-- Short descriptive text snippets --
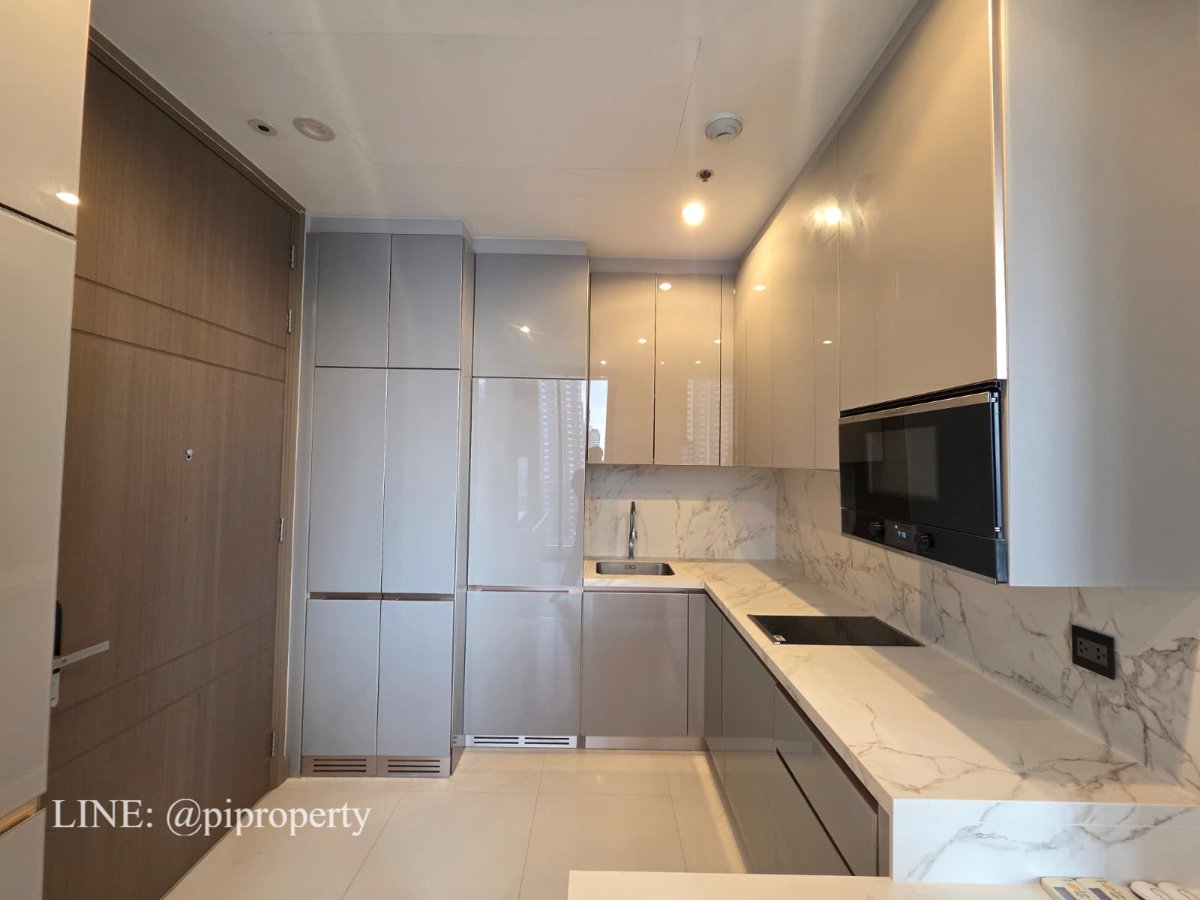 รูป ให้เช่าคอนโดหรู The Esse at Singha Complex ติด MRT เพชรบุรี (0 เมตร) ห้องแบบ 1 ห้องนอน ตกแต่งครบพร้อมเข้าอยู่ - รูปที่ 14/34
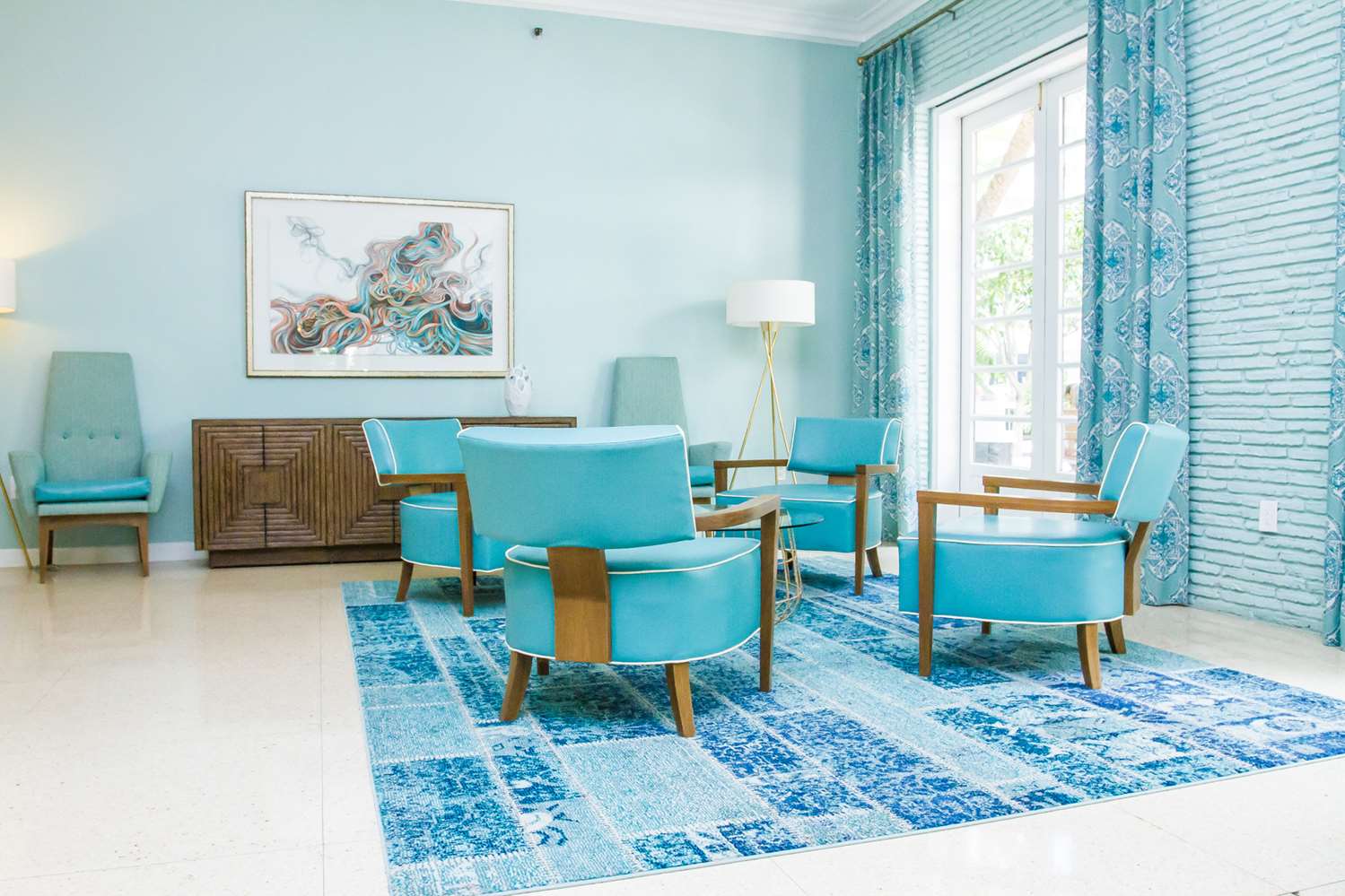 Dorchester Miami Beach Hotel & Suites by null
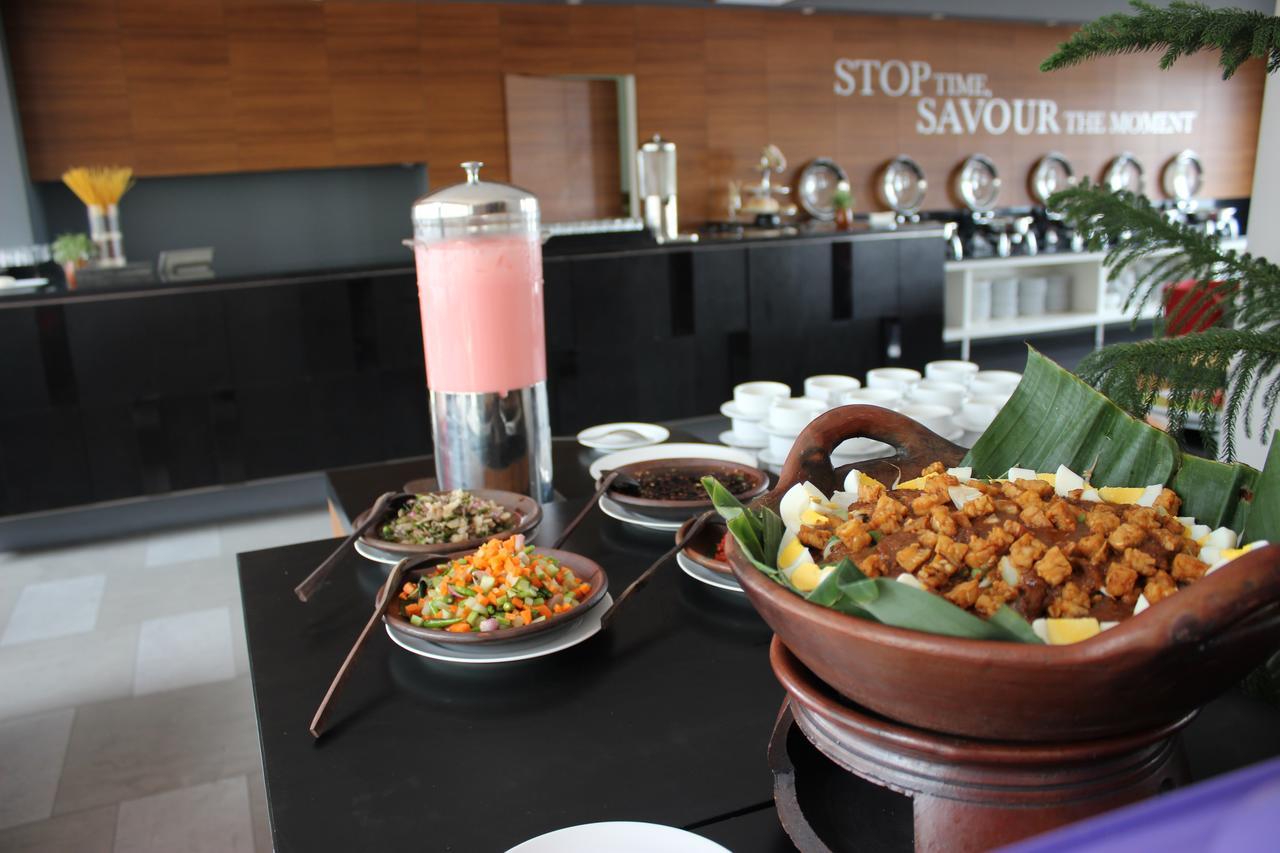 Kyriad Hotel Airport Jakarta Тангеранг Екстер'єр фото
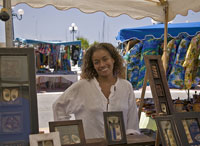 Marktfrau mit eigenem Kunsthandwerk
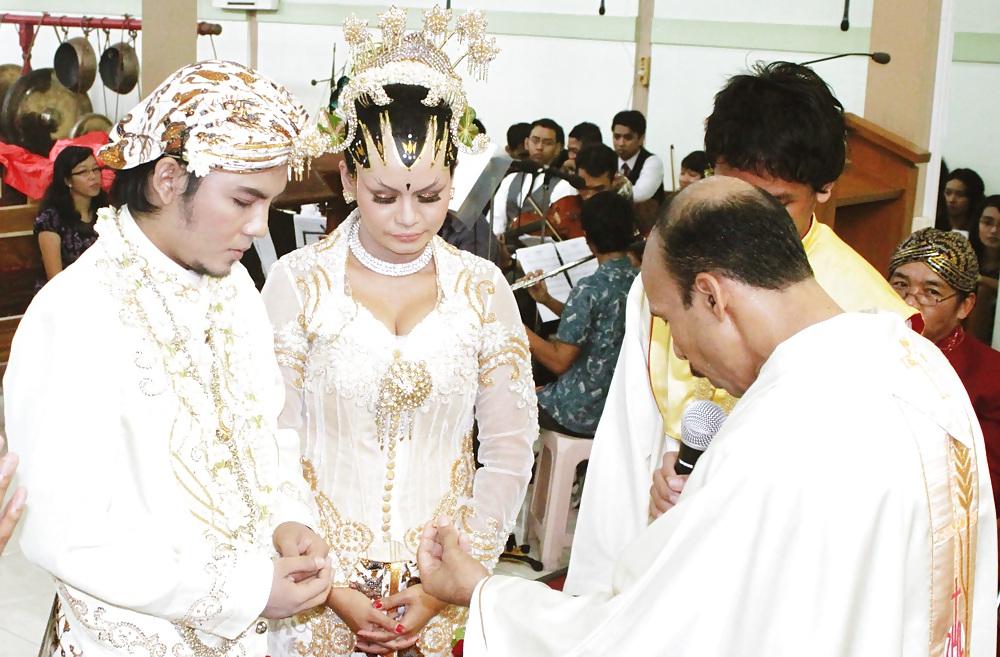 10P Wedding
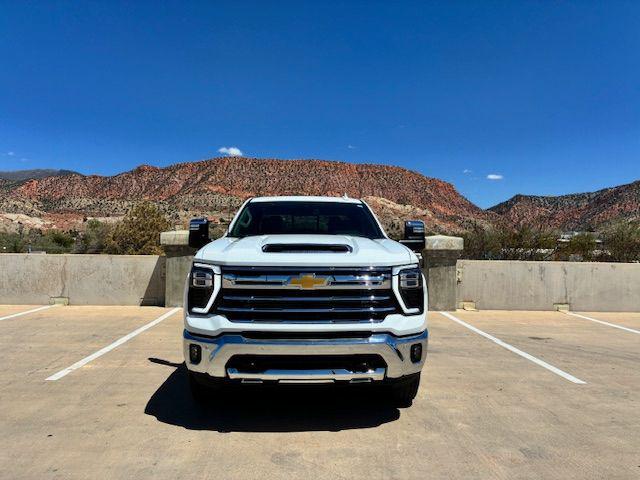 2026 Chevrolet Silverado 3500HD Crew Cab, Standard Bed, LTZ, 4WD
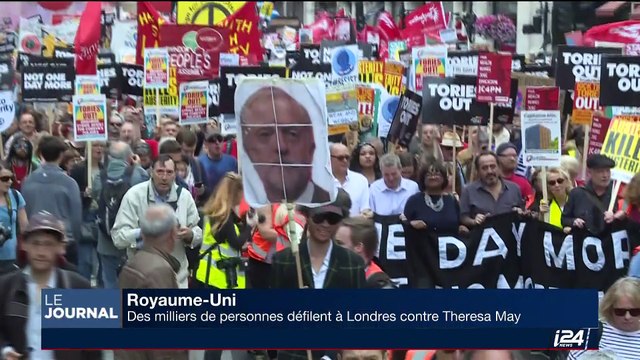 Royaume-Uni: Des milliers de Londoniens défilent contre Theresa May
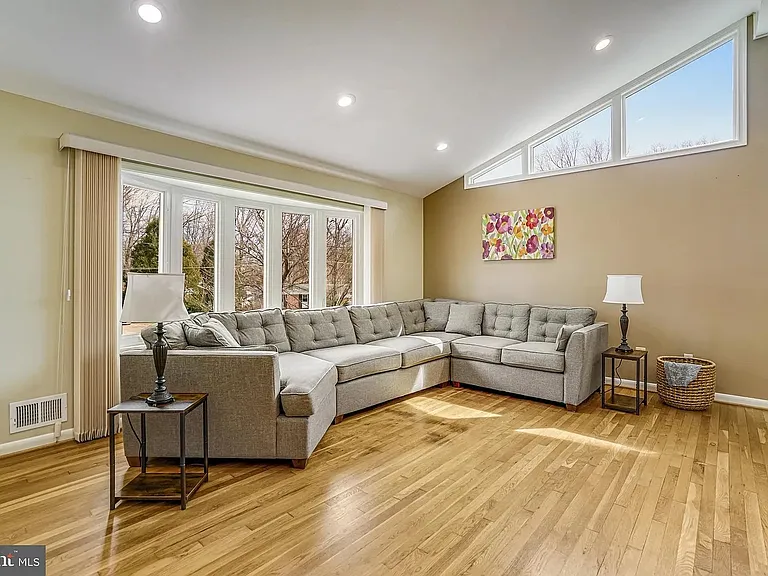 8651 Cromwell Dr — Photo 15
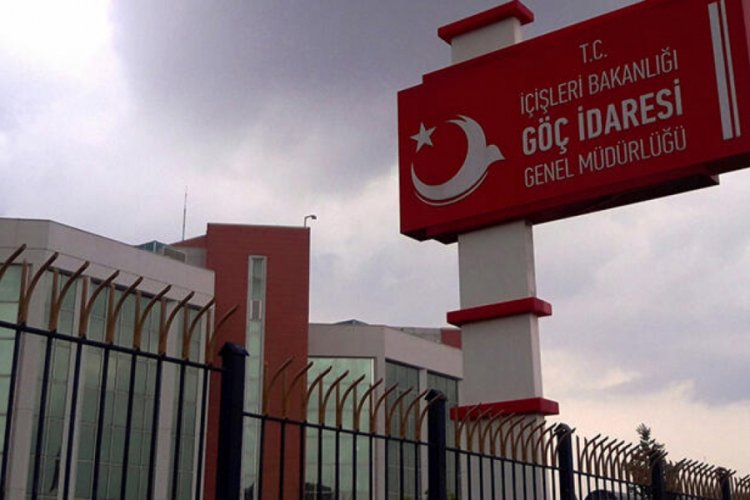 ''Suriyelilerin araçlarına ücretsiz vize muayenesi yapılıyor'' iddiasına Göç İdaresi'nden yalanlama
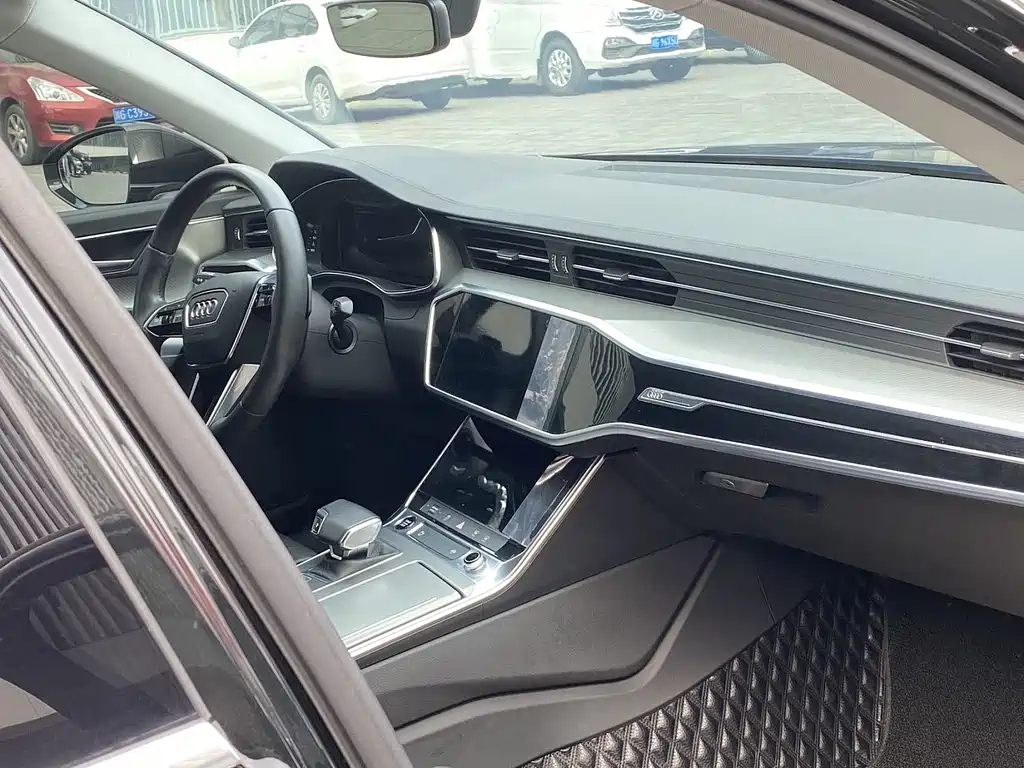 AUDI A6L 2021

-- Problem statement --
Without the pictures, repeat exactly the lines running from the line containing "Göç İdaresi'nden yalanlama" through the end of the data, both ends included.

-- Response to this task --
 ''Suriyelilerin araçlarına ücretsiz vize muayenesi yapılıyor'' iddiasına Göç İdaresi'nden yalanlama
 AUDI A6L 2021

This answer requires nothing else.